Mobile first architecture
The theme styles for single-column, optimized-for-smaller-screens layout first, and adds multi-column grid-based layouts in addition for screens 770px and larger.
Content-first page loading
Nothing irks more than loading secondary content before the main content. It makes people wait longer to see what they clicked to see, raising click-aways. This theme loads your main content first, then the secondary content.
Straightforward grid column settings
These can be overridden in your child theme's template.php. No heavy PHP knowledge is required, and all necessary code is provided.
No extra extras
It's tempting to add more bells and whistles, but the goal is not to add complexity or steepen your learning curve with bespoke variables or code concepts.
There's more on these features and characteristics in the official documentation.
Not a fluid grid
Square Grid is not a fluid grid. Why? Because even today browsers do not agree how to render out elements defined with floating decimals. A fluid 35-grid layout would require a grid of %2.857... per grid square, which means that a fluid layout defined by percentages would entail added complexity and possibly some browser hacks, especially when you multiply browser-imposed roundings and truncations by 35.
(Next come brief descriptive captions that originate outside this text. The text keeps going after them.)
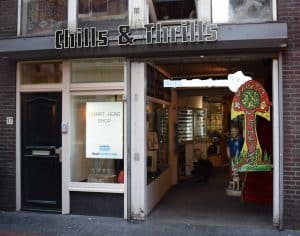 chills and thrills amsterdam smartshop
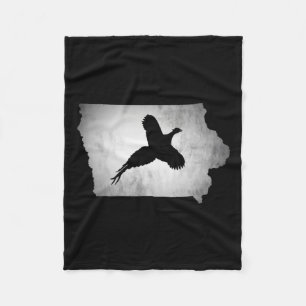 Manta Polar Caza de Pheasant Iowa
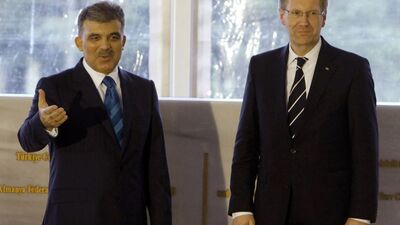 Türk-Alman Üniversitesi kuruluyor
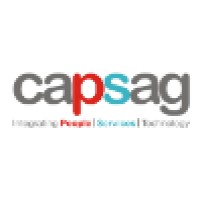 Capsag Consulting Services (Singapore, India, UK, USA) logo - Similar company to Avm Hr Services Pvt Ltd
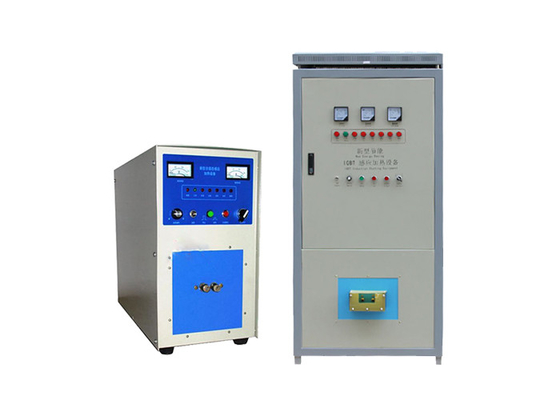 17khz 150KW Medium Frequency Induction Heating Equipment For Multiple Materials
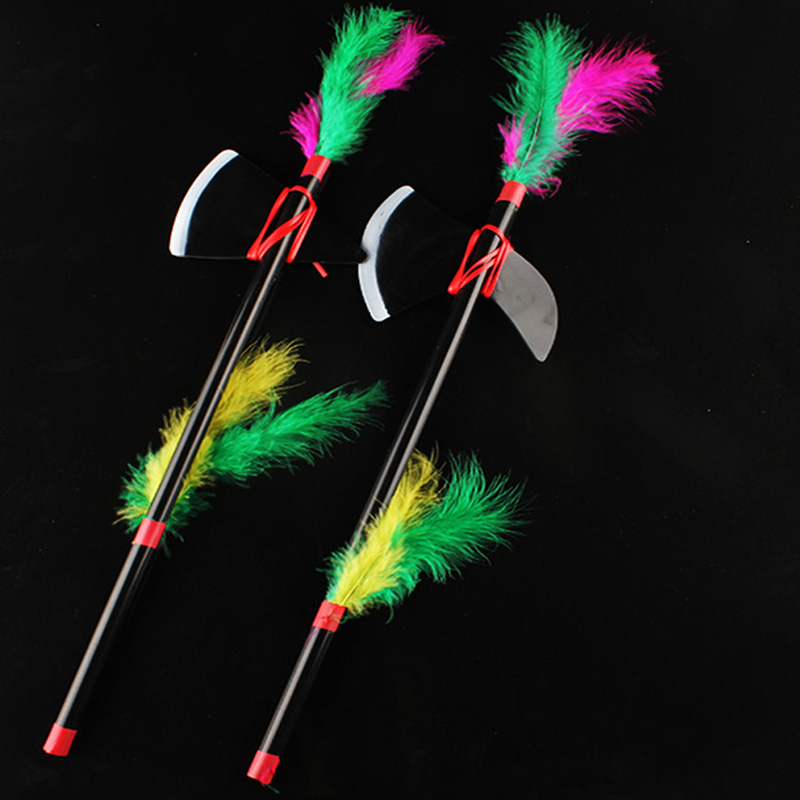 Veren draadkat plagende stick
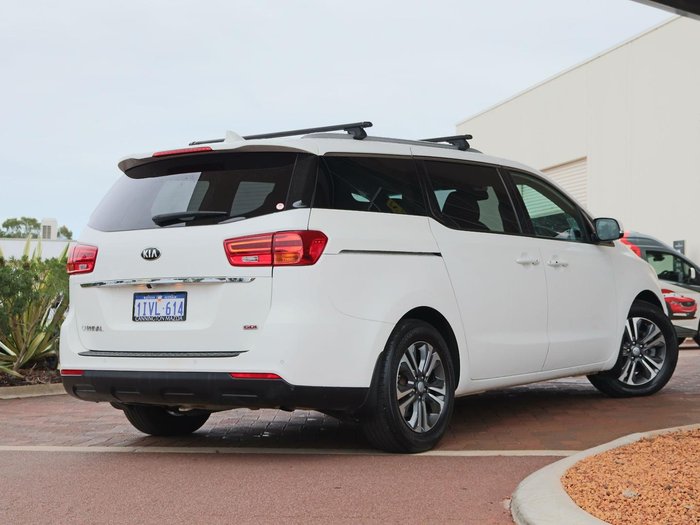 2019 Kia Carnival SLi
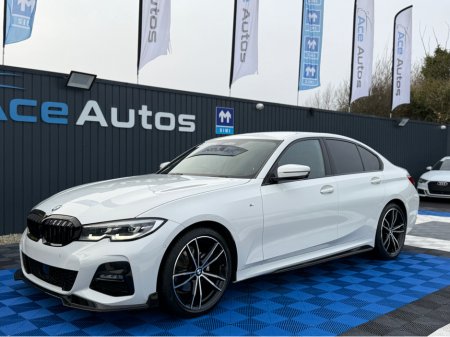 2020 BMW 3 Series M-SPORT X-DRIVE - 2.0L DIESEL - AUTO - 12M WARRANTY - CAR: 1604 thumbnail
Some people still prefer 100% fluid layouts, and that can make sense, especially in some use cases, such as an expert-interface dashboard requiring as much screen-estate as possible. However, if the static grid widths adapt to the screen sizes, the marginal benefits of going 100% fluid are somewhat minimized. Therefore, given the floating point issues noted above, Square Grid, as a base theme, supports multiple fixed-grid widths that offer healthy screen-estate usage for the most-commonly used screen sizes. (Count me in the school of thought that it's all responsive.) An added benefit is that, by defining these break points, the theme renders with more predictability for design purposes. The current 770px-, 980px- and 1190px-width break points in Square Grid Theme cover most larger displays, while still providing comfortable, readable layouts. As screens get larger, we can build upon this paradigm. And we're not ruling out fluid grid definitions altogether. (See below.)
Road map items
Here are some things in the works (in no particular order):
An HTML5 version
This is already in the works. [Meta issue]
"Nav last" page structure
Currently, Square Grid loads the main menu before the content — something I always immediately remake in any child theme. While there are still some naysayers, most agree that loading nav last is best practice for mobile display. This means that Square Grid should load the nav last, just before the footer. How this gets styled for proper placement, though, depends very much on the specifics of the design. That's why I have not done this yet, but I may add 3-4 lines of CSS to handle this. [Issue]
Configuable column widths
These would be configurable "sidebar" widths settings, to make it easier for you to just get on with implementing your design. (Column widths are fully workable in the theme currently, but customizing them does involve some code editing to change integer values in the child theme's template.php file.) [Issue]
This has been partially implemented (and disabled in code pending completion) and likely will be in one of the next releases. [Issue]
Comments above notwithstanding, this could be an option with potential appeal to some themers. Caveats about variable browser support would apply, of course. [Issue]
We hope Drupal users working to implement custom designs on their own sites find the Square Grid Theme useful.
* For most themers and front-end developers, one of the fastest paths to implementing a completely custom design for Drupal is via a base theme. For more about this approach, see the Drupal.org documentation on this architecture.